На уровне идеи это адекватно реальности, непродолжительное чувство – как пресловутый солнечный удар, вспышка, без причин, но с последствиями. Германике удаются интимные сцены, где герои вдвоем предаются обнаженному, чистому порыву, но стоит замаячить на пути любому как бы движущему сюжетному повороту – и хрупкая искренность рушится. Творческий принцип – кажется, от противного. Если столько лет в фильмах Германики все строилось на реалистичности, то здесь вселенная намеренно ирреальна, карикатурна, искусственна. Скромное кино для своих оборачивается, по фабуле, наибольшим мейнстримом в карьере. Это красиво, как может быть красива полоска дыма от сигареты, но настолько же вредно, как никотиновая зависимость.
Если столько лет в фильмах Германики все строилось на реалистичности, то здесь вселенная намеренно ирреальна, карикатурна, искусственна
Труп зверька, набитый мехом.
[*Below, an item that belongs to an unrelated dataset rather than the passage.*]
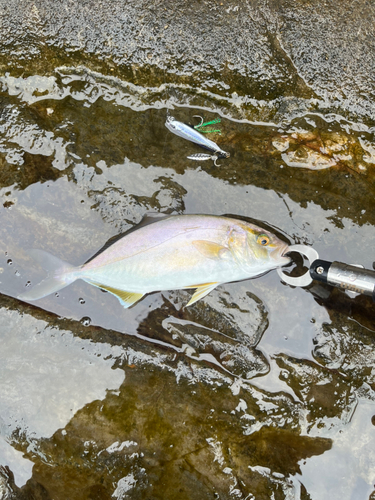 ショゴの釣果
А на мертвых, как говорит герой фильма, не стоит. Ранее Германику можно было ругать за что угодно, но не за фальшь, тогда как здесь искренность пала жертвой стиля. А режиссер, какой бы это все поэтикой не обладало, взрослеть искренне не хочет. Развязный и талантливый человек под присмотром дяди играет на пианино («Краткий курс счастливой жизни», где тоже мягкие приглушенные цвета сменяли друг друга, а камера парила), а когда оставляют в квартире одного, надирается, творит непотребства и херачит музыкальные инструменты. И эта инсталляция – она не «космос».
Тараканы лижут раны. Саша стонет от боли. Полотно горит огнем. Прошлое горит огнем. Конкретно, пролетевшие месяцы – топливо для светлого и высокого. Не выйдет из этого толка, если роза в сердце, а в голове сорняк.